The voluntary disclosure procedure in Israel was formulated by the Israel tax authority ("ITA") in order to encourage taxpayers, dealers, individuals and functionaries in corporations that violated tax laws, to correct their reports and to report real data.
In order to carry out this programme, the ITA was prepared to ensure that criminal proceedings would not be instituted against an applicant who performed the voluntary disclosure.
Voluntary disclosure programme
According to the voluntary disclosure procedure that was published in April 2005, the applicant for voluntary disclosure must have met certain primary conditions, ie the voluntary disclosure must have been an honest request. The ITA would have had no prior information regarding the account and the ITA had not commenced a civil examination of the files relating to the taxpayers or the corporations or the partners who are involved in the voluntary disclosure.
As part of the process, immunity was granted against criminal proceedings, provided that the taxpayer met the conditions of the procedure, provided information and paid the tax in accordance with the procedure.
The anonymous route
In 2011, the ITA published a temporary provision whereby in certain cases residents of Israel who hold foreign assets, property, capital, etc. ("foreign assets"), whose income had not been reported in Israel, would be allowed to carry out a "voluntary disclosure" which in those cases would be granted immunity from a criminal proceeding (on the level of the tax law only) and would grant improved tax liabilities regarding interest, linkage and fines.

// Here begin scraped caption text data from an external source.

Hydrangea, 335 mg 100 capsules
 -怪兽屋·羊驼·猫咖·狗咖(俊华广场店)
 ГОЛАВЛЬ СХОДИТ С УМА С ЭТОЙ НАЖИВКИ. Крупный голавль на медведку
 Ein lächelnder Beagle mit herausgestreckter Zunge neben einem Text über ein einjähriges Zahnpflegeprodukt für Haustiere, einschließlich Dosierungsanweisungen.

As part of the temporary order, for the first time it was possible to submit anonymous requests for the purpose of clarifying the tax liability, even before the application was submitted.
The new programme
In 2014, the ITA published a new programme regarding voluntary disclosure procedure concurrently with the temporary provision mentioned above. The terms of the new programme were inferior to those in previous years. For example, criminal immunity was limited and applied only to information provided in the course of the disclosure process. Furthermore, the disclosure would not apply when it did not generate a significant "tax payment" in respect of the relevant tax years (except for inheritance funds), etc. The new programme was applied until 31 December 2016.
On addition to the new program a temporary provision was issued according to which applications could be filed anonymously by the end of 2016. In this provision the ITA went a step further and allowed the applicants to reveal their names only after the agreement was signed.

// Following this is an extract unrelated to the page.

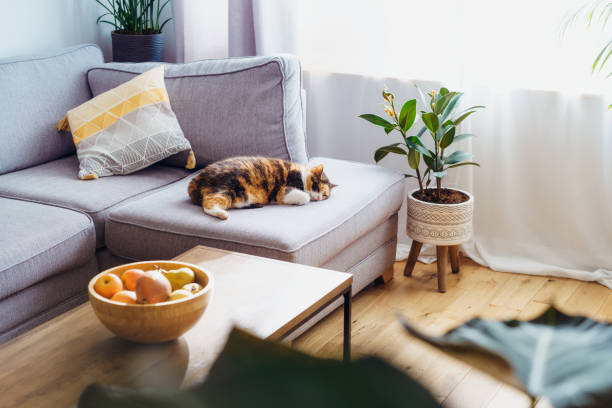 多くの温室植物を持つリビングルームのモダンなスカンジナビアのインテリアの灰色のソファで寝ている多色の猫のペット。バイオフィリアスタイル。居心地の良い、ヒュッゲホームインテ� - vehicle interior green sofa indoors ストックフォトと画像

Within the framework of this provision, it was possible to submit an application on an "abbreviated track" where the total capital in the request did not exceed NIS 2 million. Anonymous requests were not allowed on this "abbreviated track”.

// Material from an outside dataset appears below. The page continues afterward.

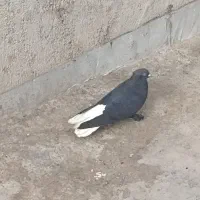 کفتر دم سفید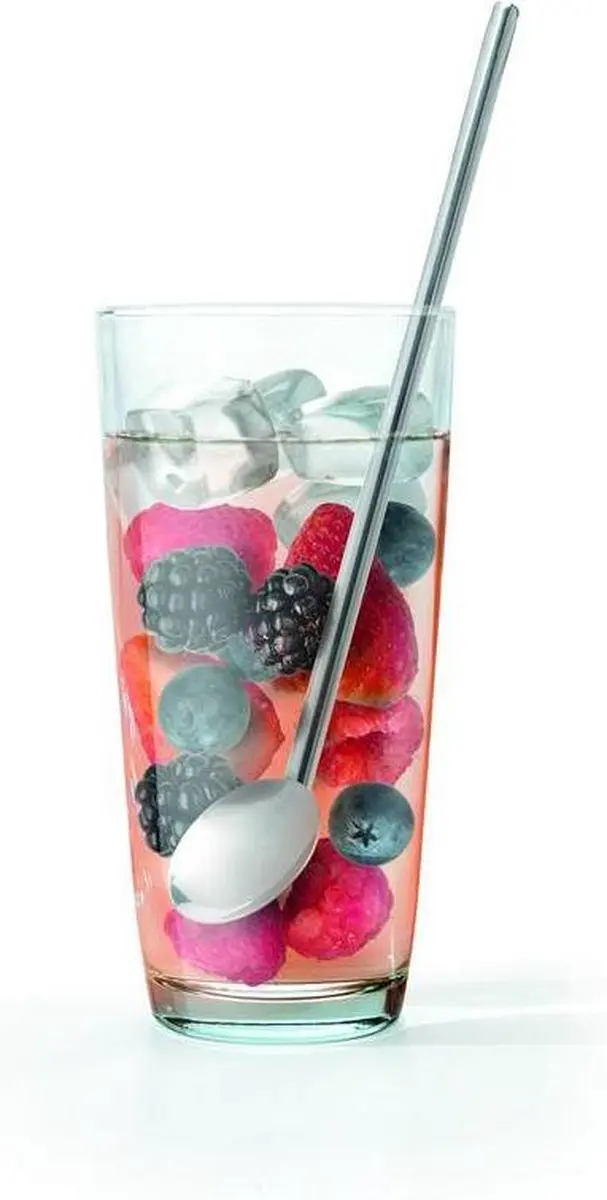 Metaltex Cocktaillepel Rietjes Set RVS - 5-delig - Zilver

Over the years the ITA has preferred to be approached by taxpayers rather than contact them. This approach of the ITA is still valid today even though currently there is no "active" voluntary disclosure procedure, although lately it has been made public that a new disclosure procedure will be activated towards the end of 2017.
Therefore it is advisable to seek voluntary disclosure according to the new program mostly in view of the exchange of information between countries and the breaches in the bank secrecy.
To the best of our knowledge, even today, in certain cases, the ITA allows anonymous applications for voluntary disclosure outside the framework of the new programme.
Taxation of trusts
In accordance with the ordinance a trust is taxable in Israel if it’s defined as an Israeli Resident Trust (IRT).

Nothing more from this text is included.